Skip now to Bolivia where the conflict today is between President Morales and a small indigenous group that lives in a protected national preserve through which the national government, with majority funding from the Brazilian development bank, wants to place a transoceanic highway. The local indigenous groups in the territory, the Territoria Indígena y Parque Nacional Isiboro Sécure (TIPNIS), claim that they were not properly consulted and that the proposed highway will plow through their ancestral lands--violating their collective property rights.

The Morales government has responded with indignation, asserting its right to establish national policy and claiming that the anti-highway protestors are tools of the U.S. government sent to undermine President Morales.

The same claim, by the way, is being made by President Correa in his battles with many indigenous leaders. Despite the lack of substantive evidence of a plot in either case, neither of these groups would ever be an easy ally of the United States. Truth be told, these groups' traditional demands of collective control over their lands and their rejection (in many cases) of capitalism and international investment, harkens back to an ill-defined, glorified past that remains at odds with many elements of modern economic development and globalization.

Bolivia is a majority indigenous country; 62 percent of the population identifies itself as such according to the 2001 census. But this is a false number, given that the census forced respondents to choose between European descendent and indigenous with no option for mixed heritage or "mestizo." Nevertheless, Bolivia remains a deeply rural, diverse and indigenous country. To give an idea, Bolivia boasts over 25 different indigenous languages in the country--the greatest number of indigenous languages per capita in the hemisphere.

In both Ecuador and Bolivia, many of these groups have remained focused on a narrow policy agenda of land rights and state recognition of diversity and anti-discrimination. The latter two issues are understandable given the repression and exclusion of indigenous groups for centuries. But they do not translate into a social agenda for populations that according to a number of sources still suffer from some of the highest rates of malnutrition and infant mortality and some of the lowest rates of literacy and educational access in the hemisphere.

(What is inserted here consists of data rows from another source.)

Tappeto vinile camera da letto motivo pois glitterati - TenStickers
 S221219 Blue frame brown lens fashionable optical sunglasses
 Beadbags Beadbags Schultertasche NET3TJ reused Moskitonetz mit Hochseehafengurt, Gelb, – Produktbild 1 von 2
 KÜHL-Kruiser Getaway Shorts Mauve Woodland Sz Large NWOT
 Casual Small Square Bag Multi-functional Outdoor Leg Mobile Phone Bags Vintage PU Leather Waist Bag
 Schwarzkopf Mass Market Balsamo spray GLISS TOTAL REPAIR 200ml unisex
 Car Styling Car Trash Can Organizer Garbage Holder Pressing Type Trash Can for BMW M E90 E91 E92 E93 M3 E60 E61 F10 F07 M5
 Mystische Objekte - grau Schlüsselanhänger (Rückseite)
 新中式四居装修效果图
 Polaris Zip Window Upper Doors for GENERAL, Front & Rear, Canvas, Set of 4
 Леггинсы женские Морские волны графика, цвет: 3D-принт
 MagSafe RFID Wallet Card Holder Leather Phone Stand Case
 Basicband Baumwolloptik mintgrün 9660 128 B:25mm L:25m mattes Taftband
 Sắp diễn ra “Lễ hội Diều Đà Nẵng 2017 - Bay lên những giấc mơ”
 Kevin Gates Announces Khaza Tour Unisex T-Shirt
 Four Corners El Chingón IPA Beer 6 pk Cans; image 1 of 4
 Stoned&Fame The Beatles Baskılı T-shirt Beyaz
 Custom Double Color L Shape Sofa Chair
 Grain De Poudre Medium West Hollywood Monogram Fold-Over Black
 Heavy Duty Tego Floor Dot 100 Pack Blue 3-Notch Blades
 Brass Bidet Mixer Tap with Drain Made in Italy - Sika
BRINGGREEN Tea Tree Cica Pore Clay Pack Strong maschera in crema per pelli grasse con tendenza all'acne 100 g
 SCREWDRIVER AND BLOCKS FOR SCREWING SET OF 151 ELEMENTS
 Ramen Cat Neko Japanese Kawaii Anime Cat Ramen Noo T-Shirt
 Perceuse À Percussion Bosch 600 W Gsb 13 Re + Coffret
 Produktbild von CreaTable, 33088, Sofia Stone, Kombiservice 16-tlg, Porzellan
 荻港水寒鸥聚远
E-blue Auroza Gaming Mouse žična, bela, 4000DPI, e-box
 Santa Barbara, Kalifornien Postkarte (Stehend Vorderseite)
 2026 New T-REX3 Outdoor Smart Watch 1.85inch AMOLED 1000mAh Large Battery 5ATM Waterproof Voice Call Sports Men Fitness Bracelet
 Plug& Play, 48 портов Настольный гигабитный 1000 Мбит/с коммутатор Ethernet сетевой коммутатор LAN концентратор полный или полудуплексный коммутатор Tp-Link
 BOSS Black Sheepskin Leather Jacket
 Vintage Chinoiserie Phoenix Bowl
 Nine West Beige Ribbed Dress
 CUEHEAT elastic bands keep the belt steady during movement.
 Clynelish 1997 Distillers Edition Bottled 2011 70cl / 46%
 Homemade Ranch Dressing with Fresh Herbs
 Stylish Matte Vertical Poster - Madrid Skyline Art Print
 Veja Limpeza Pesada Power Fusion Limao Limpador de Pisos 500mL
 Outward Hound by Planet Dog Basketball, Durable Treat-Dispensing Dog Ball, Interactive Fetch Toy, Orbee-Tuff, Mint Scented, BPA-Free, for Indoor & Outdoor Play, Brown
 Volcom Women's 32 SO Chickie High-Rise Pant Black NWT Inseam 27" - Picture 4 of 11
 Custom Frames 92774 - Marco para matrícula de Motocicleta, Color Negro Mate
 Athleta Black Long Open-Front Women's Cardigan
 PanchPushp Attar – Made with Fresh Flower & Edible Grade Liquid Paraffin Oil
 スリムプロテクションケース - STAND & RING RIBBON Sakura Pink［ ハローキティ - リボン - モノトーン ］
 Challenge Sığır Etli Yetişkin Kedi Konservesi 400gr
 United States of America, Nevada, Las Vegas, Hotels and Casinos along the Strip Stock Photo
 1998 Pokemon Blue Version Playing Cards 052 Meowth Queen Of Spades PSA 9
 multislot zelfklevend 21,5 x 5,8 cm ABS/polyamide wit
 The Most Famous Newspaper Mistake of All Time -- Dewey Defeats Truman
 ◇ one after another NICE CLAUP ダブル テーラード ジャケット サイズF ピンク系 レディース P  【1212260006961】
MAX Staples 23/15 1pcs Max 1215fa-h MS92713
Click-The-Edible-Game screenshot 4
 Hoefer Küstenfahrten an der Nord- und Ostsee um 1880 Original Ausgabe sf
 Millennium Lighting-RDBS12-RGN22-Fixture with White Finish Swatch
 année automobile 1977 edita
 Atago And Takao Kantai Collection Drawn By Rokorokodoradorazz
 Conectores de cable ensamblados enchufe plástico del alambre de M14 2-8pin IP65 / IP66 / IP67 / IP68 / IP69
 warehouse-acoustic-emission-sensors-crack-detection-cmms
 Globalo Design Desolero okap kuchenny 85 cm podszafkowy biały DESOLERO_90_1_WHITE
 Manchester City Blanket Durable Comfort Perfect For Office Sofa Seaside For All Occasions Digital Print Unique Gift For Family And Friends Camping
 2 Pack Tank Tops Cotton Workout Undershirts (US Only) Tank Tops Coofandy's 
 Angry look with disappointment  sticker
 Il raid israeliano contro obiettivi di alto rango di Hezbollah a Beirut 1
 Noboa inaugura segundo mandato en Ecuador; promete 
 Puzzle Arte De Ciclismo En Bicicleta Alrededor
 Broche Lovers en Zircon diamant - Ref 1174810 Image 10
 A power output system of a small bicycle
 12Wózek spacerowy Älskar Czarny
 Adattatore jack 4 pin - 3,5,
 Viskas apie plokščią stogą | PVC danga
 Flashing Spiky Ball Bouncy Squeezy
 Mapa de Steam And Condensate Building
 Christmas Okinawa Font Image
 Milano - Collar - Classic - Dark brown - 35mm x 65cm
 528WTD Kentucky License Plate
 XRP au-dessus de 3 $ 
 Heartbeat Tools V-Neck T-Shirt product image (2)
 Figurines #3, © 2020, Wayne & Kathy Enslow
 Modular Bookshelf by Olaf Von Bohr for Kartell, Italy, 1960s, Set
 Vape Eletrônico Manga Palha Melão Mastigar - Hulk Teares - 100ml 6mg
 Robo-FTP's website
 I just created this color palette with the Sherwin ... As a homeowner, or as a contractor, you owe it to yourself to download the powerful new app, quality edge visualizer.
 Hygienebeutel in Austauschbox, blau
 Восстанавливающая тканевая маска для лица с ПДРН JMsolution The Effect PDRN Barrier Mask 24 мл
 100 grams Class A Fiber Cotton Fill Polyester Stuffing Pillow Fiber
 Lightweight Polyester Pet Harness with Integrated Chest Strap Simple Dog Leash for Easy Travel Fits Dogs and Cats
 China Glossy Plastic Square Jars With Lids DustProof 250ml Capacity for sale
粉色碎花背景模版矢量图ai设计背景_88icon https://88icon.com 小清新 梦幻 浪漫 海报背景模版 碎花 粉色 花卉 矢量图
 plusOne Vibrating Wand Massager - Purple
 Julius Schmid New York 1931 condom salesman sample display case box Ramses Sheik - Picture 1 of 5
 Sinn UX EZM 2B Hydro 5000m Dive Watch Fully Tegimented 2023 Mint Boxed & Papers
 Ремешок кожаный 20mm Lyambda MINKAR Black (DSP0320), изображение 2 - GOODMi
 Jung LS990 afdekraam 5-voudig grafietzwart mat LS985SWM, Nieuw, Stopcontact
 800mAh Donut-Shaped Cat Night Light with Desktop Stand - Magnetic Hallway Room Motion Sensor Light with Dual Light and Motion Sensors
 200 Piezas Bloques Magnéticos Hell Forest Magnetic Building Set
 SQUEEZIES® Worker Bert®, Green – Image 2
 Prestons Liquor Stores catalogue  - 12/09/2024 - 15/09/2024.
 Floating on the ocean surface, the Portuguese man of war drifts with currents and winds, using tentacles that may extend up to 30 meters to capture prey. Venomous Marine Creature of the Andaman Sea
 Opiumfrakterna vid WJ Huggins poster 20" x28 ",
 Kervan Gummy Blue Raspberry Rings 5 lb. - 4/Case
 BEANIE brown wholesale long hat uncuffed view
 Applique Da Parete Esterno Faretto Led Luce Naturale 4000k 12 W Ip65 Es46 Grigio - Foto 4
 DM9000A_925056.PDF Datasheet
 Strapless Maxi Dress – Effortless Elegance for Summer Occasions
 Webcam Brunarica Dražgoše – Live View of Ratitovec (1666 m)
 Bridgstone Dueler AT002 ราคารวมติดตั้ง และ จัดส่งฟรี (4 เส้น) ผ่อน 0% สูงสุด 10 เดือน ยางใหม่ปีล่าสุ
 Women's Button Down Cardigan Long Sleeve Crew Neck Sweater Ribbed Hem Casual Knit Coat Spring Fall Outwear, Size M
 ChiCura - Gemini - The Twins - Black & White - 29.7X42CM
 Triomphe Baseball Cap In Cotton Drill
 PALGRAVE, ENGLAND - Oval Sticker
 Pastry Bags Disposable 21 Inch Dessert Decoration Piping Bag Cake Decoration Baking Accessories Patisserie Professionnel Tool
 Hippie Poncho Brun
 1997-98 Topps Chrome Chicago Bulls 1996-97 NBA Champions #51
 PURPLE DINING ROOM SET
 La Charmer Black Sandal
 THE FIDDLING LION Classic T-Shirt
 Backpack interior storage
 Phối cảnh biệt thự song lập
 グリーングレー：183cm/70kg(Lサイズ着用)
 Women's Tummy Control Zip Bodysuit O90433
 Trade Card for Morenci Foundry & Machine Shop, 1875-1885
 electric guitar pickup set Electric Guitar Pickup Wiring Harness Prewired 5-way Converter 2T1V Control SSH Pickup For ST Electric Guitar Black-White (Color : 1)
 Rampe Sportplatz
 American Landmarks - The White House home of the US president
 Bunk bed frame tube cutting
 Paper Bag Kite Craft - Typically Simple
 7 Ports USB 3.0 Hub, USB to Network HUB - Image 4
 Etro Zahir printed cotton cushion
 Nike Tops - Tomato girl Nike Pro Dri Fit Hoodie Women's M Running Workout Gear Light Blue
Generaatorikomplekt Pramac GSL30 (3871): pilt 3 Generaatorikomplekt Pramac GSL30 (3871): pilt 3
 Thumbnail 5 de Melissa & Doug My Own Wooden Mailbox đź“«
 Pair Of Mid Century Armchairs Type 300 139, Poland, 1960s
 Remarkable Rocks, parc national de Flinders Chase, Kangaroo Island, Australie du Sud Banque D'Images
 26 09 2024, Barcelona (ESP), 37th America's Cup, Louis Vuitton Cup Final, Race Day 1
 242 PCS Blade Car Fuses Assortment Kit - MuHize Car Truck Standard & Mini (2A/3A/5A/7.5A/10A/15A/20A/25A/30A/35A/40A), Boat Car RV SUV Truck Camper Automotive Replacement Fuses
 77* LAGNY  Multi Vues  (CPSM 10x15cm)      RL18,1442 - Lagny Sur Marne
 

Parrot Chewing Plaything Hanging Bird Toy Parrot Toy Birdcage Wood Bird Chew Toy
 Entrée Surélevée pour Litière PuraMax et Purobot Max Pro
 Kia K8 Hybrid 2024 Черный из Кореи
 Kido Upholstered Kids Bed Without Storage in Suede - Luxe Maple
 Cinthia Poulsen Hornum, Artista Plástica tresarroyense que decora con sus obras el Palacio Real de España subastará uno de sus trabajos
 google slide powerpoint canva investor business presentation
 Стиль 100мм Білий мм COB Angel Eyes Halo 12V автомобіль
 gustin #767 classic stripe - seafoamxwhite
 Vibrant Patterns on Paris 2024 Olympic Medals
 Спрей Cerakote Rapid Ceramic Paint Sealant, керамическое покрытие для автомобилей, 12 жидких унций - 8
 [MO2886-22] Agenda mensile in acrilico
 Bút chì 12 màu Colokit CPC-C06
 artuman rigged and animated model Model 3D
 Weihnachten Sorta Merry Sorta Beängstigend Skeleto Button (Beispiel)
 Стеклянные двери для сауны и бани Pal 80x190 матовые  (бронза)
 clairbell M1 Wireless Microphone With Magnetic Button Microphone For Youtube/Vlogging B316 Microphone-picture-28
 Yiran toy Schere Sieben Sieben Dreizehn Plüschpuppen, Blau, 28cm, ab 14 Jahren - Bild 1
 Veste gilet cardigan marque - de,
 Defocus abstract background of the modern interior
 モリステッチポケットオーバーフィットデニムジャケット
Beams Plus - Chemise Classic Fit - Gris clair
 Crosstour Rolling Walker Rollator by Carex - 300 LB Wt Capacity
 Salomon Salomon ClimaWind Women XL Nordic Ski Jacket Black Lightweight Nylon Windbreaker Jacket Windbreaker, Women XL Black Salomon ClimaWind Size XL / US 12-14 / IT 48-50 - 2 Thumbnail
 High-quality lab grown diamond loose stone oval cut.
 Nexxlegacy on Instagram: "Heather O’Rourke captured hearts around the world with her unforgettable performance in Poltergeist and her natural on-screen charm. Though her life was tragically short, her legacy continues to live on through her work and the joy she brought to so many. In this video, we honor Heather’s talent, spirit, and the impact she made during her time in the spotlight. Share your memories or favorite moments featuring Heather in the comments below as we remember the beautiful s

None of this excuses the heavy-handed reactions of the Ecuadorian and Bolivian governments in their responses to these groups. In both countries, the government reaction has been the exaggerated one of indignation against a defector.

But the dilemma of both governments points to serious challenges to the countries they govern and to the region today.

The future of the very real gains in political representation and social inclusion rests on the capacity of these new groups and governments to address and adapt long-festering demands within the constraints of modern politics and economics. On one side, a polarizing Manichean policy of painting those demands as subversive and on the other, intransigence and inflexibility will undermine the very real advances that have been made and a fragile balance.